MATERIAL SUPPLIED START

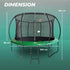 Verpeak Trampoline 10ft - Outdoorium
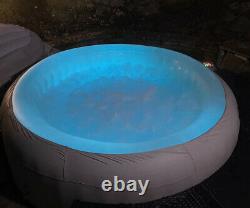 Lay Z Spa Paris New Style 4-6 Persons Hot Tub Massage Air Jets LED Lights Cover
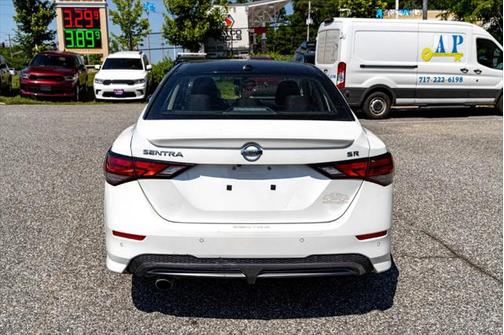 2021 Nissan Sentra SR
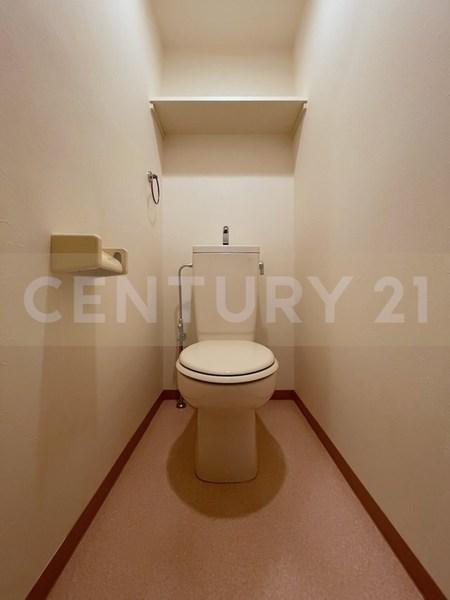 トイレ　※他の部屋の写真です。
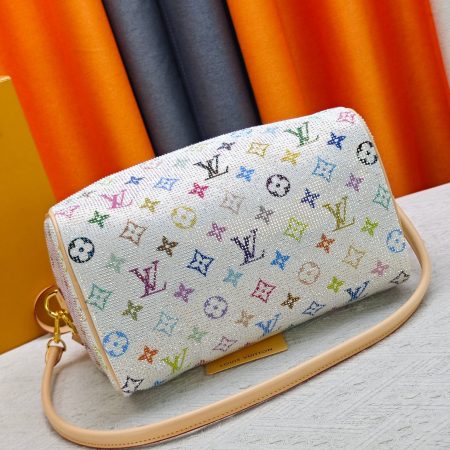 LV x TM Speedy Bandouliere 30 Bag - Image 4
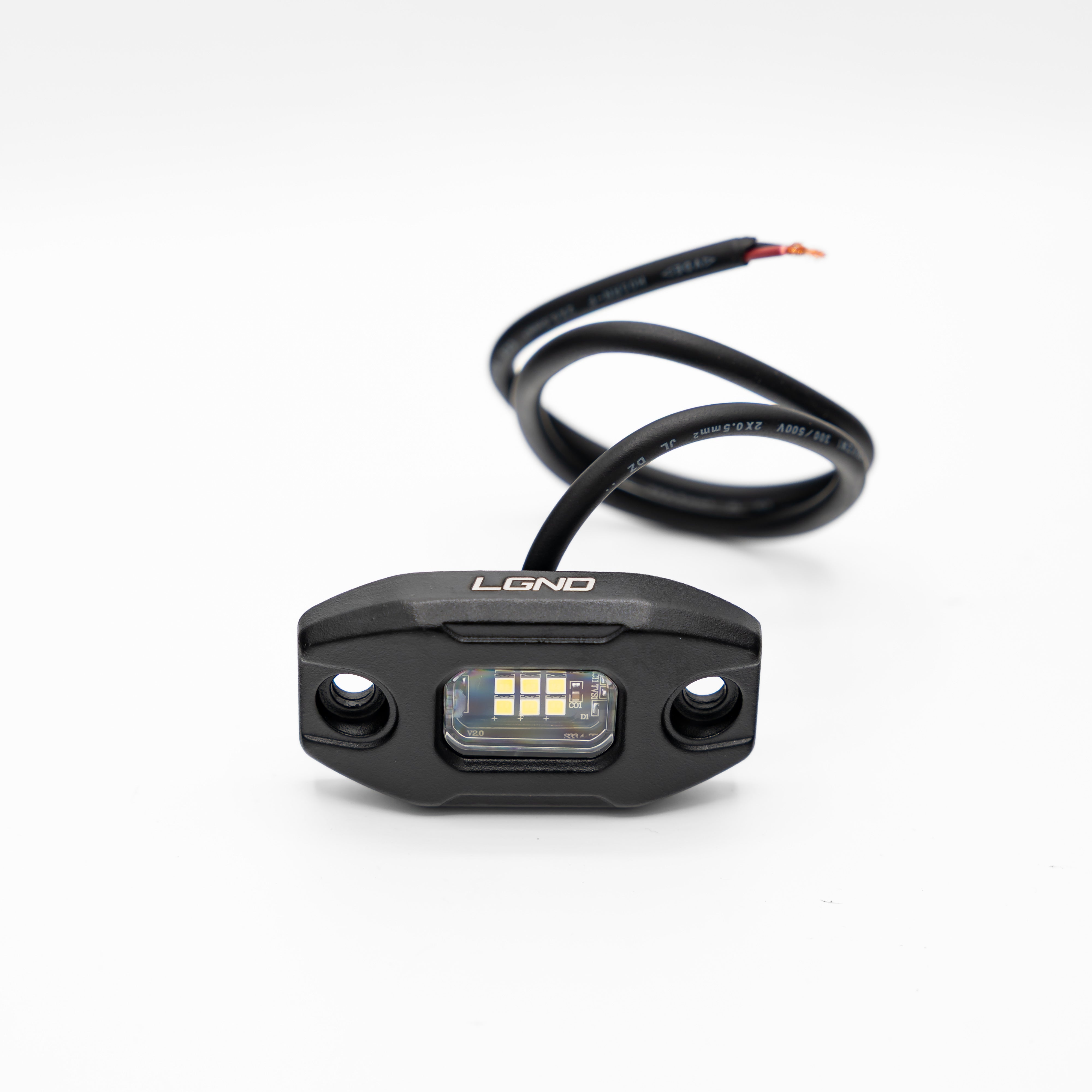High Output White LED Rock Lights - Legends Auto Parts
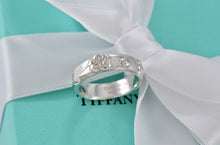 Load image into Gallery viewer, Tiffany &amp; Co. Silver Rose Flower Ring
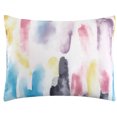 thumbnail image 4 of Lanco Perch Paint Brush 4-Piece Comforter Set, Multi Colors, Fill Polyester, Abstract, 4 of 4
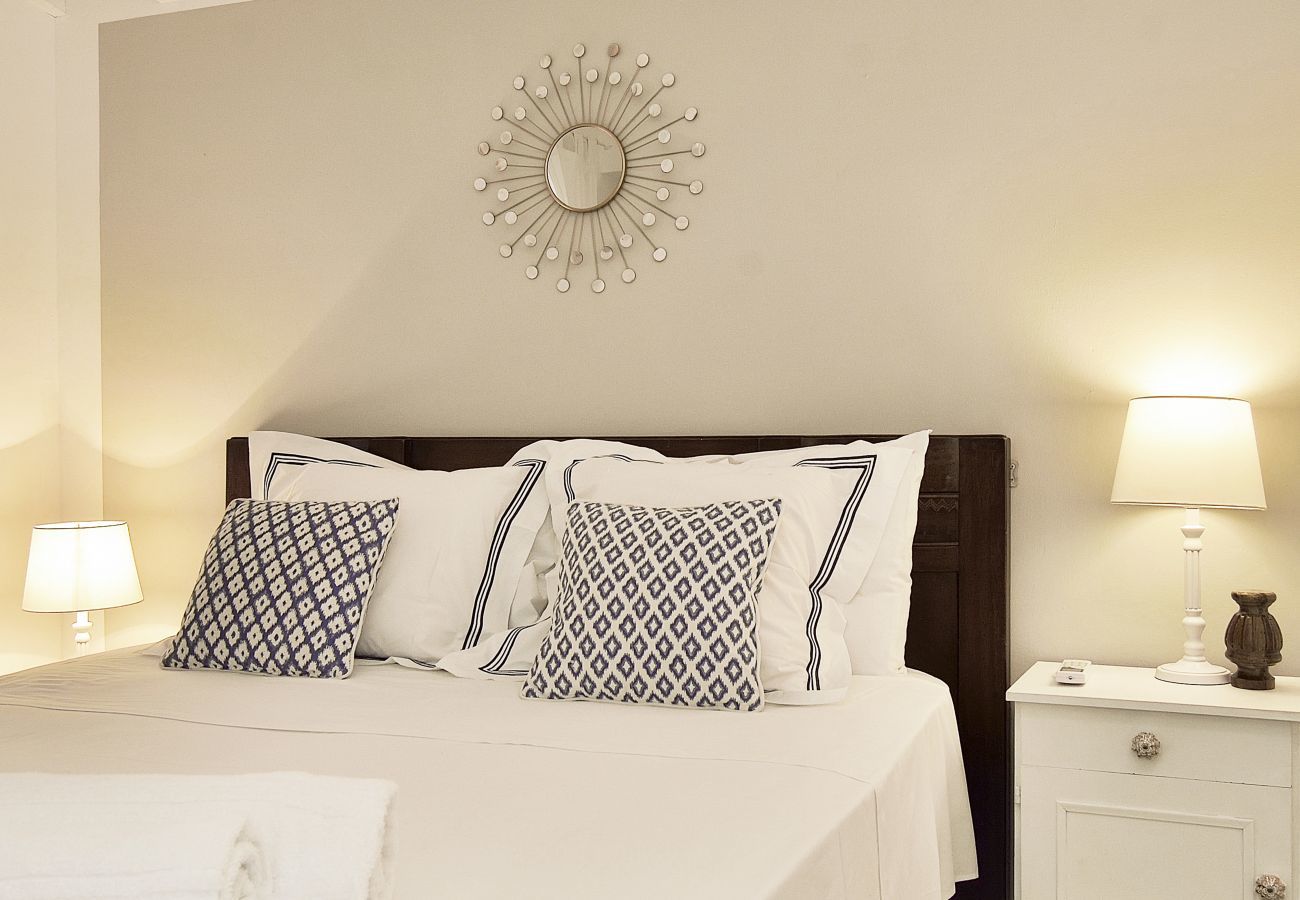 bedroom ROMANTIC HOUSE PORTO ULISSE Solo Affitti Brevi  House in Ispica - ROMANTIC HOUSE PORTO ULISSE - Affitti Brevi Italia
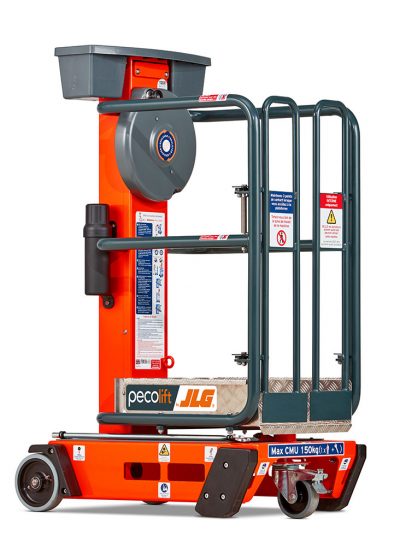 Mini Scissor Lift Hire | Push Around PecoLift 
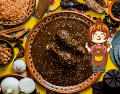 El mole oaxaqueño, una joya culinaria que combina tradición, arte y sabor en cada bocado. CANVA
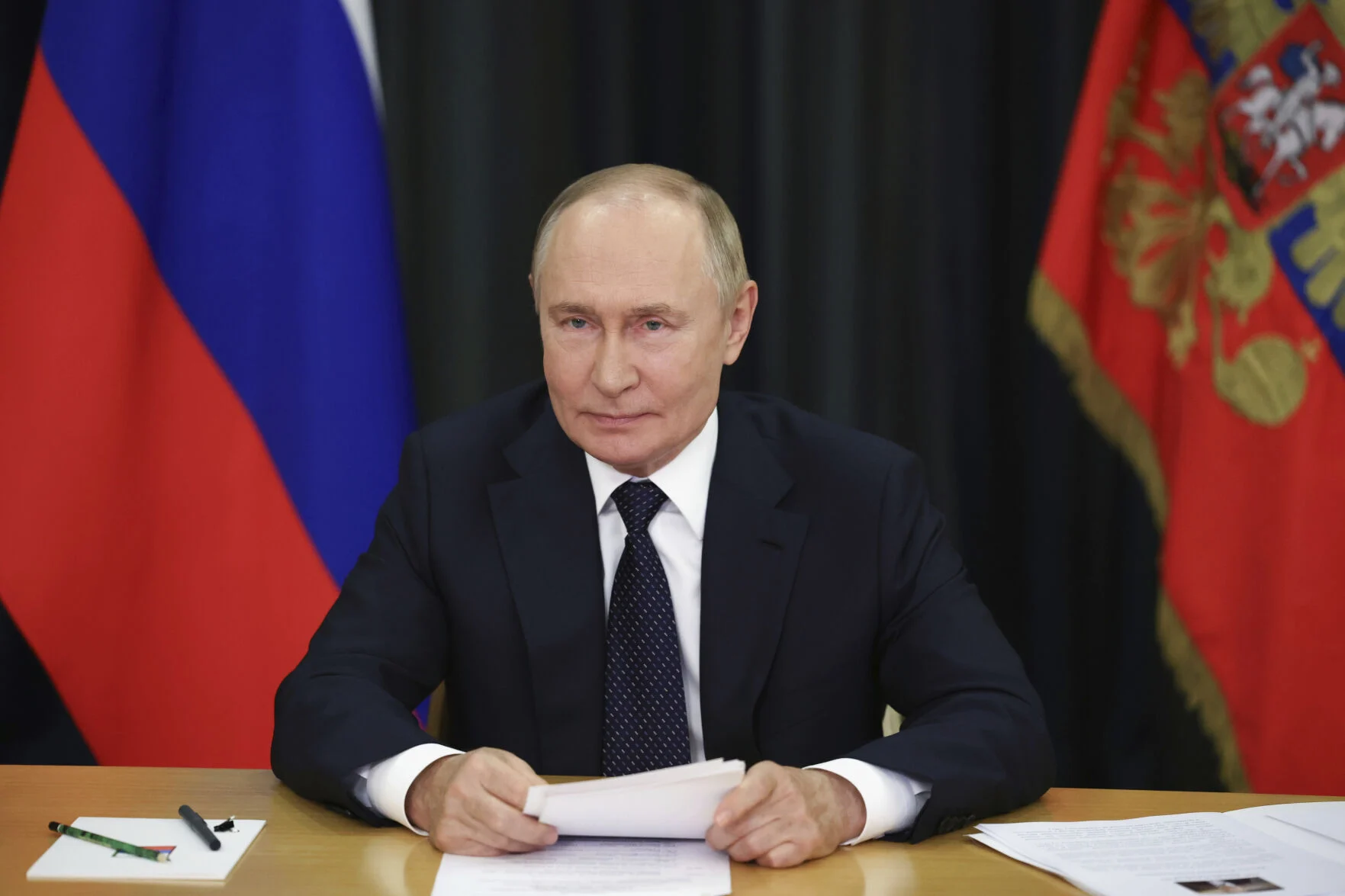 US and European officials meet to discuss new sanctions on Russia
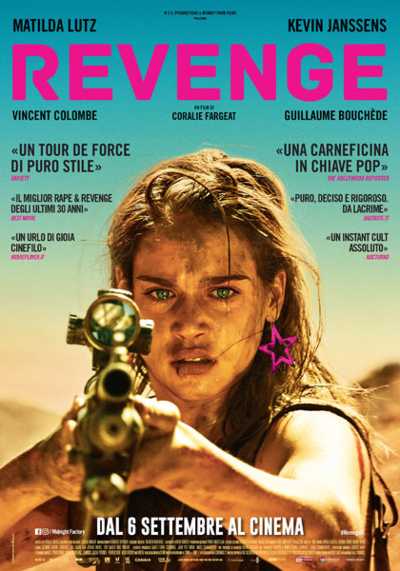 Il film del giorno: "Revenge" (su Cielo)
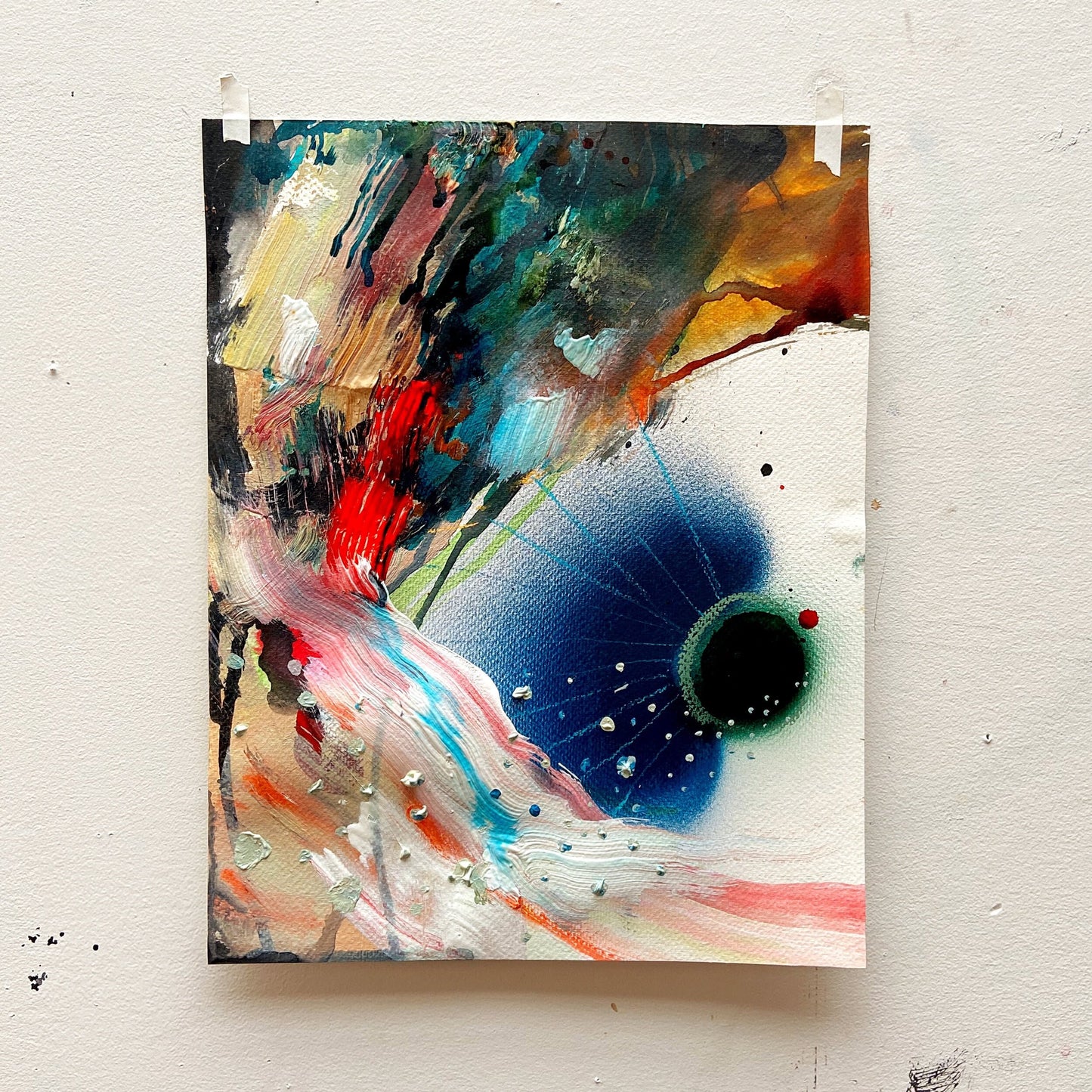 Day 30: Take it all in and try to act normal.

MATERIAL SUPPLIED END

WHAT TO PRODUCE: An exact transcript is required, covering the lines from the one containing "Il film del" through the end of the listing above, inclusive, without pictures.

COMPLETED TASK:
 Il film del giorno: "Revenge" (su Cielo)
 Day 30: Take it all in and try to act normal.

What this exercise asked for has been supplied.